Gelitik JARI : Sindrom Down Memilih Pemimpin?
“Joko mengidap sindrom Down dan tidak bisa berbicara, tapi dia memilih di setiap pemilu. Dia melakukan ini dengan bantuan Adi adiknya.”
i TPS Joko menunjukkan surat undangan pemilih ke meja KPPS lalu memasuki bilik suara dan mencoblos gambar yang terpampang di surat suara kemudian keluar dari bilik menuju sebuah kotak. Biasanya Joko didampingi ke bilik suara dan dibantu Adi melipat surat suara karena dia tidak bisa.
Apakah Joko mempunyai kapasitas intelektual untuk menentukan kemauannya dan memberikan suara yang ‘baik’? Dan apakah ada kriteria untuk menentukan apakah suara seseorang benar atau salah?
“Bagaimana Joko membuat pilihan politiknya jika dia tidak bisa bicara? Apakah dia memahami visi misi dan program dari orang yang dicoblosnya?”
“Saya kira tidak. Tapi dia memang punya “pengetahuan”. Dia membaca koran setiap hari, dari kiri atas ke kanan bawah, halaman demi halaman. Dia tidak bisa membaca, tapi dia melihat gambar dan gambar kata, dan dia mengambil sesuatu dari yang dilihatnya itu. Saya tidak tahu persis apa yang dia ambil darinya, tapi dia menyerap banyak hal. Bukan isinya, melainkan suasana yang melingkupinya serta kombinasi ekspresi, gambar, dan tahapan yang digunakannya.”

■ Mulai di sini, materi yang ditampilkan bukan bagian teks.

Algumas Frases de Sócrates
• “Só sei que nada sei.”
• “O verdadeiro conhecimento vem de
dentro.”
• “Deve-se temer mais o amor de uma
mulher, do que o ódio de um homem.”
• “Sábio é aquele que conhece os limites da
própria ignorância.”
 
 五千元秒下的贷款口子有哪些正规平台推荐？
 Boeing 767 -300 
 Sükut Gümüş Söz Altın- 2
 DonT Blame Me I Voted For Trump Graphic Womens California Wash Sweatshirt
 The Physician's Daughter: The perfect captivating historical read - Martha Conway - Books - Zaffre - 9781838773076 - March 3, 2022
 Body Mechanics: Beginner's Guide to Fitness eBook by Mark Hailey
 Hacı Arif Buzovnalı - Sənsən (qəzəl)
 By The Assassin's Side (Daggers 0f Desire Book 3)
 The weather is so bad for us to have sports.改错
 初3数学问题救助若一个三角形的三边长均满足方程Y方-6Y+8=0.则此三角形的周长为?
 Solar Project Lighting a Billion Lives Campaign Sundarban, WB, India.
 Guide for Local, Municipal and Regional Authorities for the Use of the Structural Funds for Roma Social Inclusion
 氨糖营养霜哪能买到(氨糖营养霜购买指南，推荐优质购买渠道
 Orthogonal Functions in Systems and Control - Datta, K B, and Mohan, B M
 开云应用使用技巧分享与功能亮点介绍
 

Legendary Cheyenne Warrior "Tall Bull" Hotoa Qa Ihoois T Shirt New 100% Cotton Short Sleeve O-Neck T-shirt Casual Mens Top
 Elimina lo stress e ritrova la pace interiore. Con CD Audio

“Kalau dia tidak begitu paham dengan visi misi dan program partai dari orang yang dicoblosnya, apakah boleh dibolehkan memilih?”
“Lihatlah jalanmu sendiri. Ada juga orang-orang yang tinggal di sana yang menurut Anda tidak pandai memilih, misalnya karena semuanya tidak tertata dengan baik. Lalu apakah kita harus menilai bahwa orang tersebut tidak dapat memilih atau tidak dapat memilih dengan benar? Dan jika dia tidak memilih dengan baik, apakah itu berarti dia tidak boleh memilih? Kita berada dalam situasi yang sulit jika kita memutuskan berdasarkan hal ini siapa yang dapat atau tidak dapat memilih.”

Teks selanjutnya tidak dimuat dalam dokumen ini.